**PROBLEM**:
Every line from the one with "Other - 4044" through the final line of the data below goes in the answer, copied exactly. Pictures do not.

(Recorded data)

━━━━━━━━━━

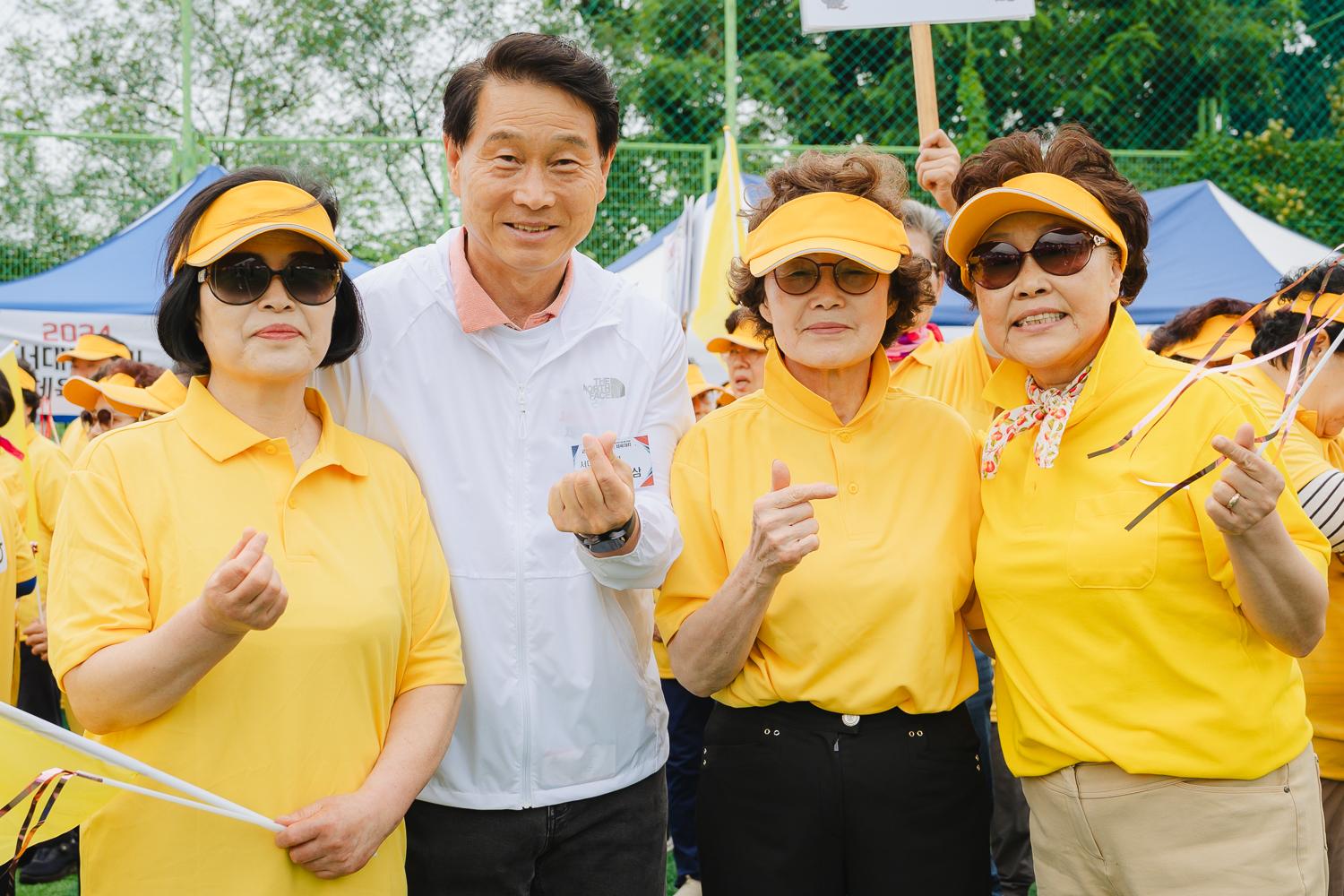 2024 서대문구민체육대회 127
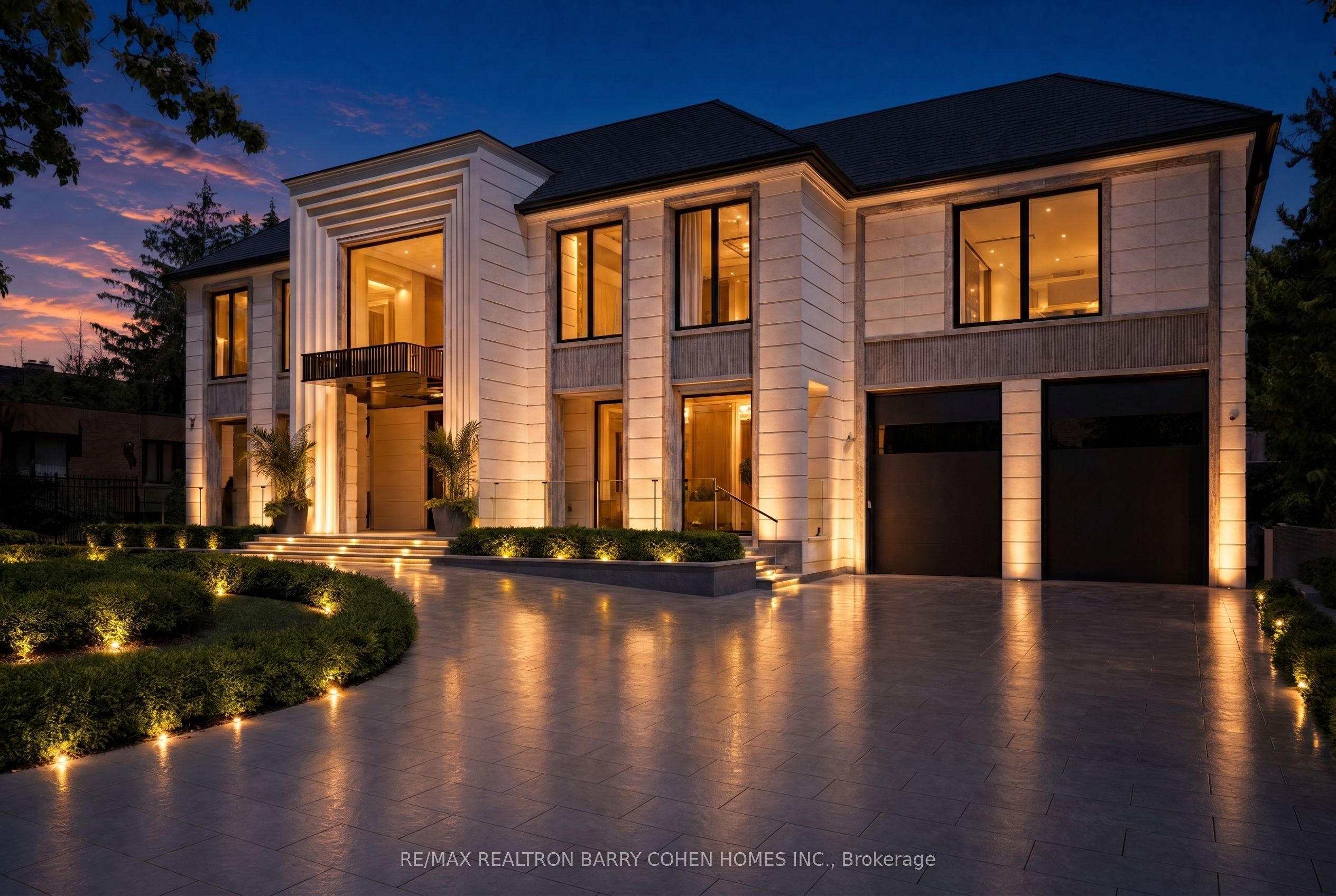 68 Old Colony Road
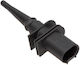 Maxgear External Temperature Sensor Bmw E39/46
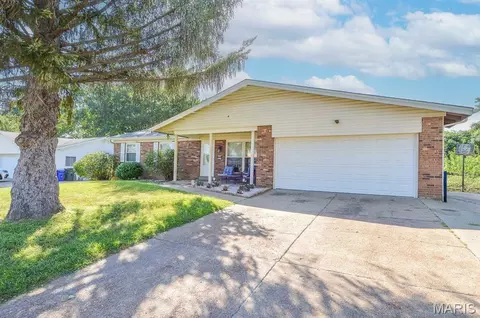 Other - 4044 Avery Ln, Bridgeton, MO 63044 photo 1 of 12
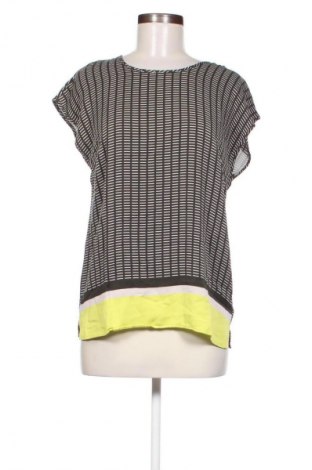Dámsky top  Gerry Weber, Veľkosť M, Farba Viacfarebná, Cena  23,95 €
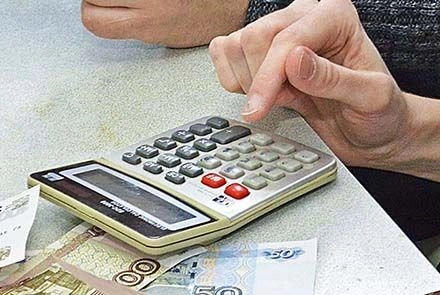 Миллион за беглых «каторжан»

━━━━━━━━━━

**RESULT OF THIS TASK**:
 Other - 4044 Avery Ln, Bridgeton, MO 63044 photo 1 of 12
Dámsky top  Gerry Weber, Veľkosť M, Farba Viacfarebná, Cena  23,95 €
 Миллион за беглых «каторжан»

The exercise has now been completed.